The relative strength of both currencies is determined by things such as demand for those currencies on the global market and differences in interest policies. (On of the) most important, if not the most important factor is the simple economic law of supply and demand. Keep in mind however that the USD is often used as the currency against which other currencies are valued, it is known as the “world reserve currency”. This means that the USD is often used by countries even when neither of them uses the USD themselves, for example when trading oil or natural gas on the world market. Prior to WW2 the British Pound was often used.

So, especially when only comparing a currency to the USD it may seem that the non-USD currency gets stronger (increases in value) of weaker (decreases in value), whereas in fact it is the USD which gets weaker or stronger when more currencies are compared. The world bank uses a weighted average of the values of different currencies (amongst which are the US Dollar, British Pound, Euro, Japanese Yen and Chinese Renminbi) as the base currency against which to trade others.

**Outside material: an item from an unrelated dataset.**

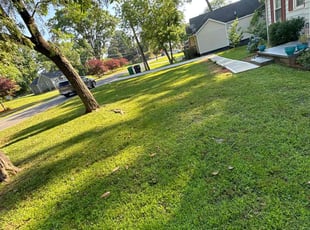 Brittney N.'s Lawn Care service result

In general, you can say that a weaker currency will stimulate a country’s export (as their products become cheaper because you get more of their currency for your dollar), while it may make their imports more expensive (as they need more of their currency to purchase dollars on the world market). Though this will obviously help their export, it has downsides too as the price for goods like oil, raw materials and food rises. This will result in higher prices for consumers, causing shortages and inflation (which is just a fancy way of saying your currency is losing value or purchasing power).
Having a stronger currency tends to create more stable markets and reliable development of prices which has long-term economic benefits. Historically it seems that a stable currency benefits a country more than continuing devaluations in attempts to stimulate exports.

Minor changes, like those in your example, are mostly caused by demand and supply, and much like the value of stocks on the stock market it may not always be easy to explain exactly why they went up or down.

Having said all this, keep in mind that the global economy is a very, very difficult subject and what I said are just broad generalizations.